Figure 1. Modified F-15 with engine duct geometry.

The prescribed grid motion consists of 5 Hz 0.3 degree oscillatory rotations of the canard, wing, and tail surfaces about their root chordlines, with the wing oscillations 180 degrees out of phase with the canard and tail motion. In addition, the main wing is also subjected to a 5 Hz oscillatory twisting motion whose amplitude decays linearly from 0.5 degrees at the wing tip to 0 degrees at the wing root and takes place about the quarter-chord line. This composite motion is shown in Figs. 2-5. The BDF2opt scheme is used with 10 subiterations and a physical time step corresponding to 100 steps per cycle of grid motion.


Figure 2. Simulated aeroelastic motion of F-15 geometry.



Figure 3. Simulated aeroelastic motion of canard geometry.



Figure 4. Simulated aeroelastic motion of wing geometry.



Figure 5. Simulated aeroelastic motion of tail geometry.

The unsteady lift-to-drag ratio (L/D) for the baseline configuration undergoing the specified motion for 300 time steps is shown as the solid line in Fig. 6. The L/D behavior begins to exhibit a periodic response after approximately 100 time steps. The high-frequency oscillations in the profile are believed to be due to a small unsteadiness in the engine plume shown in Fig. 7; this behavior is also present when the mesh is held fixed.


Figure 6. Unsteady L/D profile before and after optimization.

Figure 7. Cross-section of unsteady engine plume effects.

The objective function for the current test case is to maximize L/D on the timestep interval 201-300. The surface grids for the canard, wing, and tail have been parameterized as shown in Fig. 8, resulting in a set of 98 active design variables describing the thickness and camber of each surface. Thinning of the geometry is not permitted.


Figure 8. Spanwise and design variable locations for modified F-15.

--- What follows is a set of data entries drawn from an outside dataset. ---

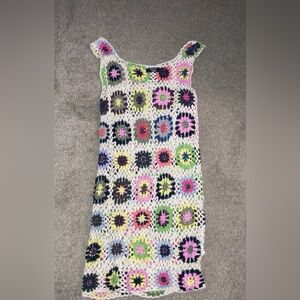 Crochet Floral Dress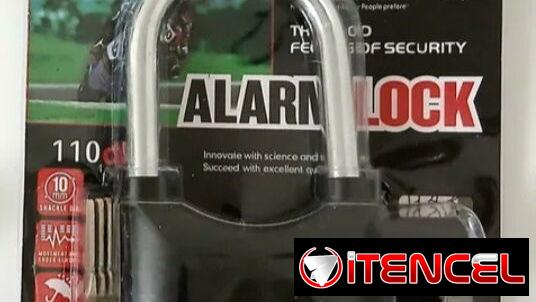 Candados con Alarma convencionales y de Disco para Motos, Bicimotos y Triciclos Sonido alto y estridente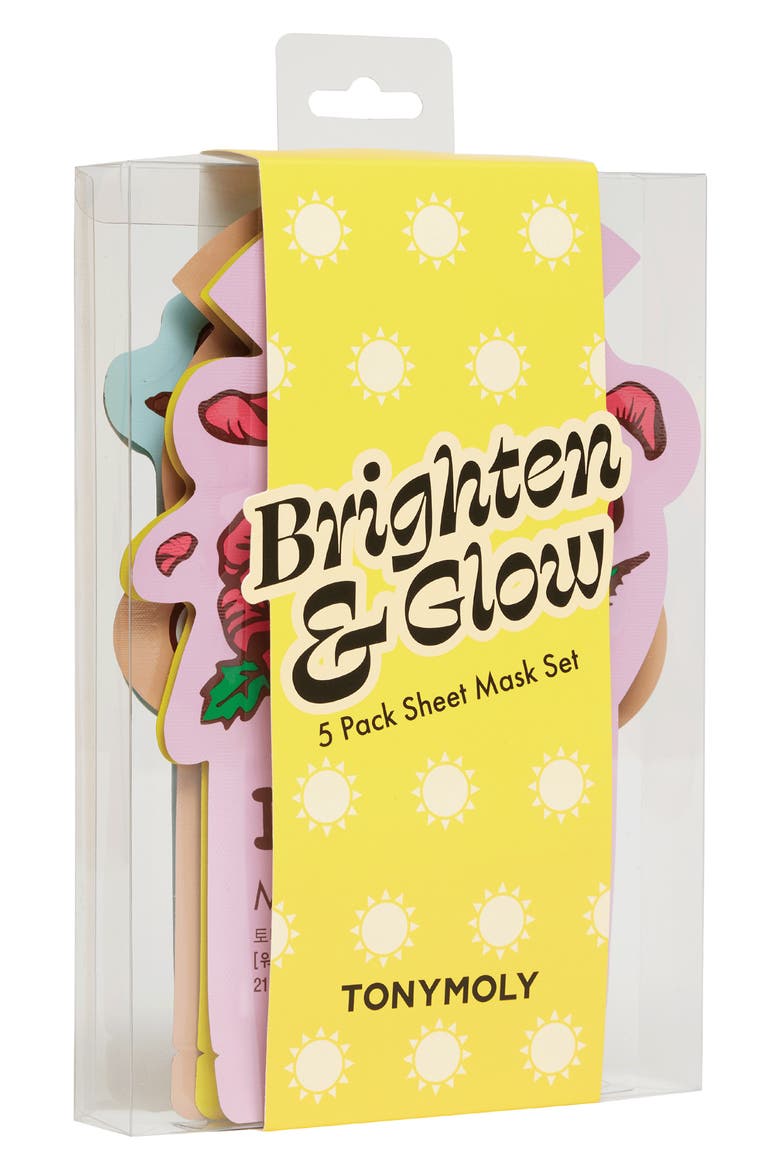 Brightening Glow Set of 5 Sheet Mask Set, Alternate, color, NO COLOR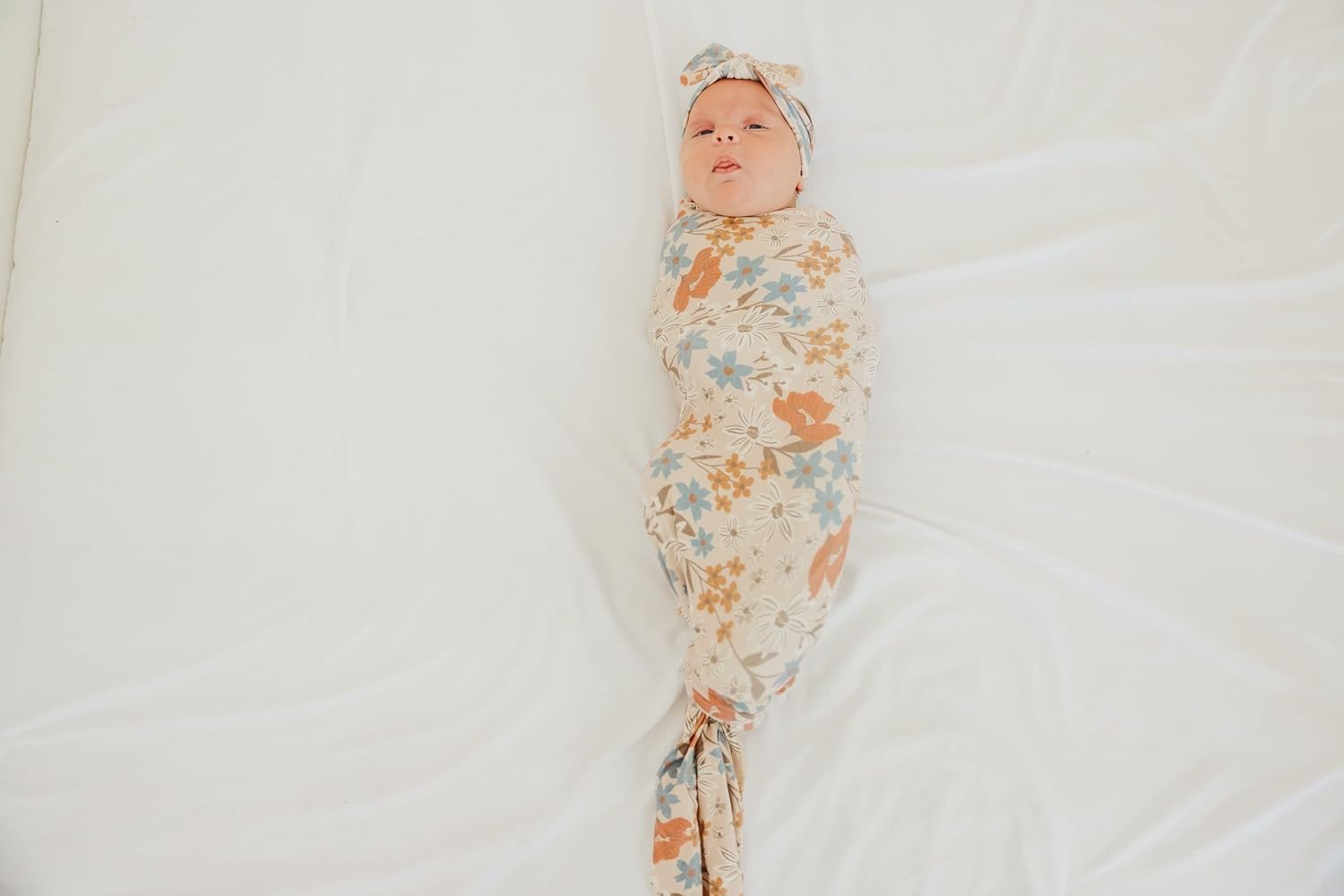 Copper Pearl Baby Swaddle Blanket - Premium Knit Baby Blanket, Large Soft Stretchy Receiving Blankets for Baby Boy and Girl, Swaddles for Newborn, Infant, and Toddler (Eden)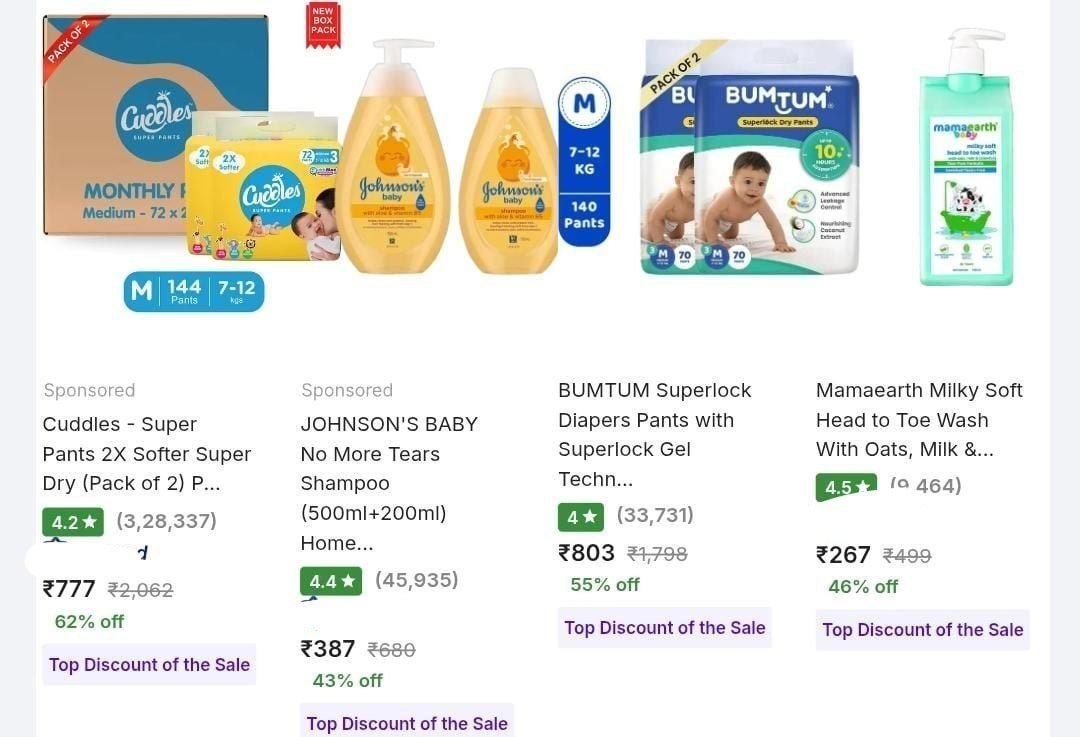 Sale Is Live Baby Diapers Shampoo Lotion Rash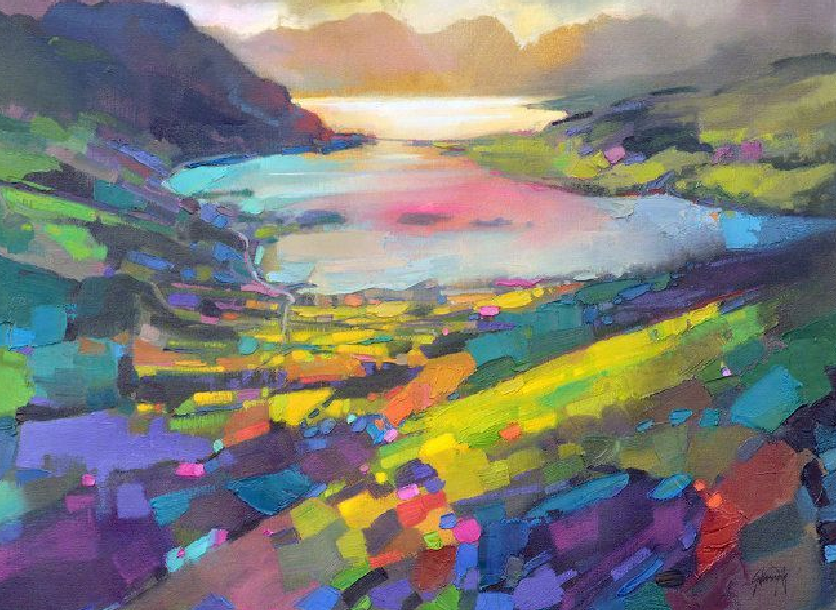 赏析苏格兰画家油画作品天空多彩斑斓宛如云南七彩祥云_腾讯新闻
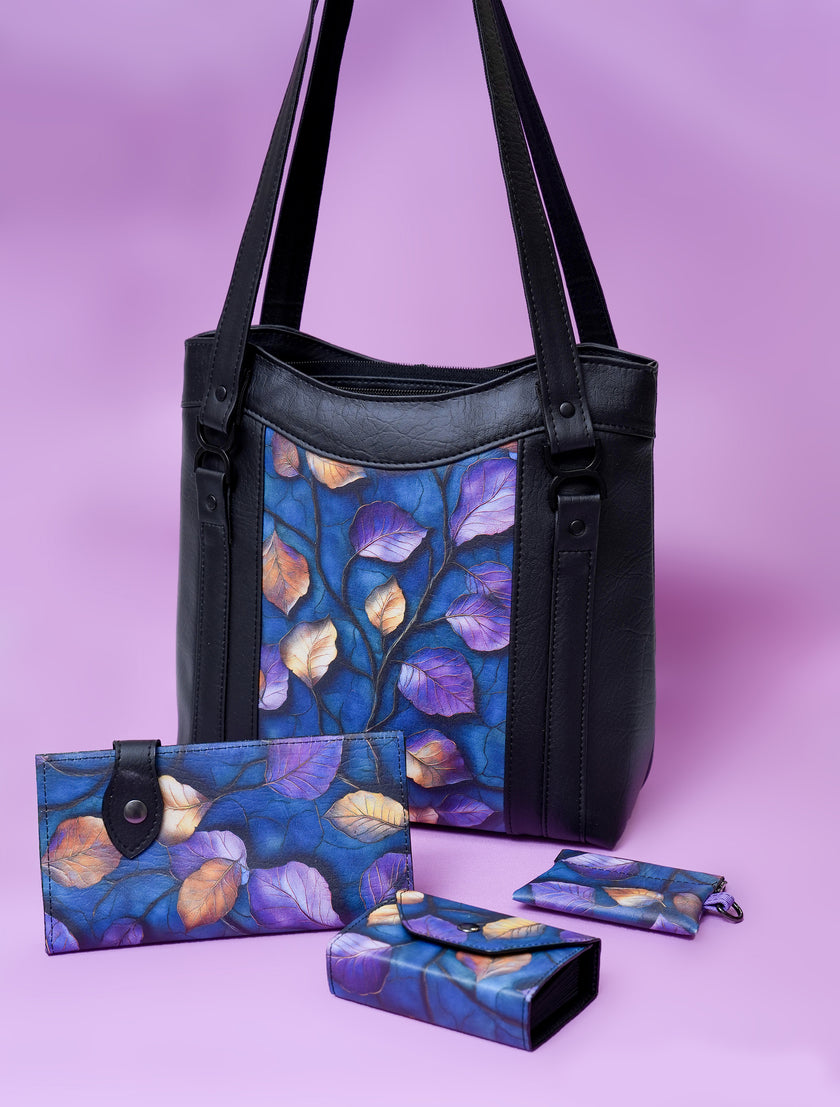 Purple Leaves printed vinyl 3 sizes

Convergence of the objective function is shown in Fig. 9. A large reduction in the function is obtained after a single design cycle, after which further improvements are minimal due to many of the design variables having reached their bound constraints. The final L/D profile is included as the dashed line in Fig. 6. The resulting shape changes at various spanwise stations on the canard, wing, and tail are shown in Fig. 10, where the vertical scale has been exaggerated for clarity. The design procedure has increased the thickness of the wing and canard, as well as the camber across all three elements. Closer inspection shows that the trailing edges of each surface have also been deflected in a downward fashion.

This example has been performed using 128 dual-socket quad-core nodes with 3.0 GHz Intel Xeon processors in a fully-dense fashion for a total of 1,024 computational cores. The wallclock times required for single flow and adjoint solutions for the current problem are approximately 1 and 1.5 hours, respectively. For the five design cycles shown in Fig. 9, the optimizer requires ten flow solutions and five adjoint solutions, or a total wallclock time of approximately 18 hours or 18,400 CPU hours. The disk space necessary to store a single unsteady flow solution is 136 gigabytes.


Figure 9. Objective function history.

Figure 10. Canard, wing, and tail cross-sections before and after optimization of modified F-15.